Der gängigste Tipp, um die Konditionen des Darlehens zu verbessern: mehr Eigenkapital in die Finanzierung einbringen. Doch das ist oft leichter gesagt als getan. „Viele Eltern oder auch Großeltern wissen gar nicht, welche Chancen in ihren Immobilienwerten stecken. Ist eine weitgehend abbezahlte Immobilie in der Familie vorhanden, kann diese als Sicherheit in die Finanzierung der Kinder eingebracht werden. Banken belohnen diese Zusatzsicherheit mit günstigeren Zinsen, und die Rahmenbedingungen der Finanzierung werden verbessert“, sagt Udo Zimmermann, Spezialist für Baufinanzierungen beim Baugeldvermittler Dr. Klein in Buchholz.
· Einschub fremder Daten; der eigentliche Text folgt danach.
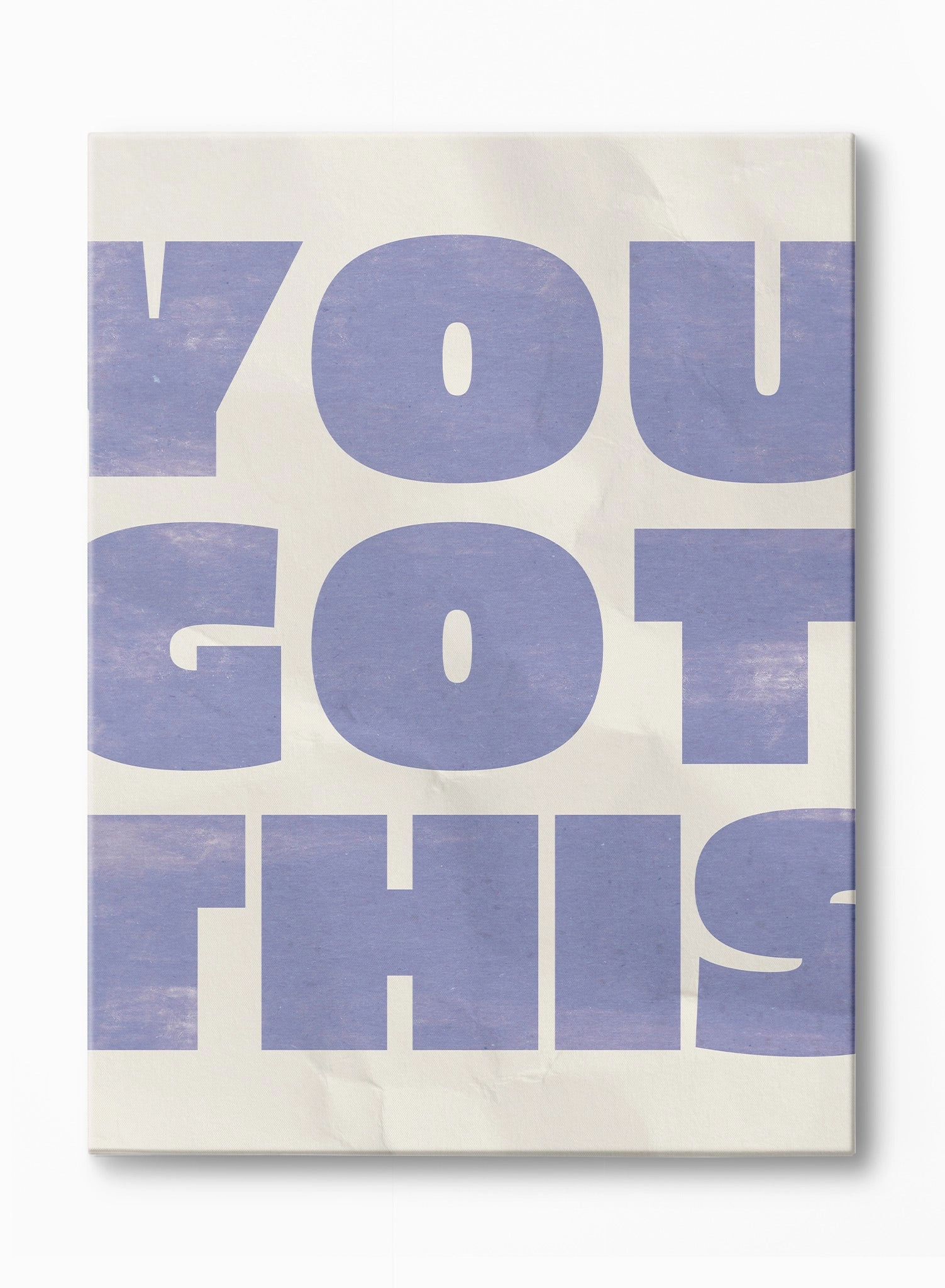 You Got This, Canvasindoor decorative canvas print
Der Vorteil dieser Variante sei, dass die Eltern in keiner Weise selbst zum Kreditnehmer werden – ihre Immobilie wird lediglich als Eigenkapital angerechnet. Zudem müsse nicht die gesamte Immobilie eingebracht werden – auch ein Teilbetrag von beispielsweise 50.000 Euro ist möglich. „So können auch Geschwister gleich behandelt werden“, sagt Zimmermann. Doch Verbraucherschützer Scobel warnt vor solchen Konstruktionen. „Die Risiken sind zu groß, denn geht die Finanzierung der Kinder schief, kann auch die Immobilie der Eltern in Gefahr sein“, sagt Scobel.
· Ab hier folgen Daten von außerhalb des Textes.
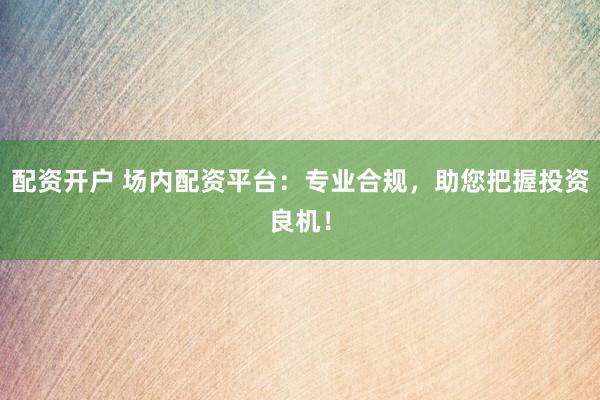 配资开户 场内配资平台：专业合规，助您把握投资良机！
Welchen Ausweg gibt es noch?
Die Berechnungen in der Grafik beziehen sich auf eine Immobilie in Hamburg mit Quadratmeterpreisen von fast 6000 Euro. Bezogen auf Einfamilienhäuser liegen die Quadratmeterpreise in den Landkreisen Herzogtum-Lauenburg, Segeberg und Lüneburg noch unter 4000 Euro. Aber auch das ist noch zu hoch, um mit dem vorgegebenen Budget von 1200 Euro Monatsrate und 100.000 Euro Eigenkapital ein kleines Häuschen (111 Quadratmeter) zu erwerben.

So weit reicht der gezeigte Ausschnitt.